--- START ---

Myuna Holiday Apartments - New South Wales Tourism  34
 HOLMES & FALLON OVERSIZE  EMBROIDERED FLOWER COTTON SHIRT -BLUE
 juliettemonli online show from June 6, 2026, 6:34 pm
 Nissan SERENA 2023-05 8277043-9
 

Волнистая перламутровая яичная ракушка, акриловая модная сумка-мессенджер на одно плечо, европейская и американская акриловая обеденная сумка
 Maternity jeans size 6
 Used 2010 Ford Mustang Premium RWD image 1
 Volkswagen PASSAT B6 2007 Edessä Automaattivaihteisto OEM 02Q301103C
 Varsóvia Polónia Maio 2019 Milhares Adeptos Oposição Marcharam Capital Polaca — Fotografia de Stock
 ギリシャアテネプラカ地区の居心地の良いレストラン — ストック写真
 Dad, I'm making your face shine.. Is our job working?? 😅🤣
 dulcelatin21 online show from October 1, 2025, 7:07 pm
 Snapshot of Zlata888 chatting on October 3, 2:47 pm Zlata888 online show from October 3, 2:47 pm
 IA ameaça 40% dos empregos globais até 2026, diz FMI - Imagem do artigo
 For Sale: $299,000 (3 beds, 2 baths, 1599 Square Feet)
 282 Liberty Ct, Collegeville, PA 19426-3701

--- END ---

*Required work*: The required answer is a single number: how many lines above hold the string "online".

*Answer to this task*: 3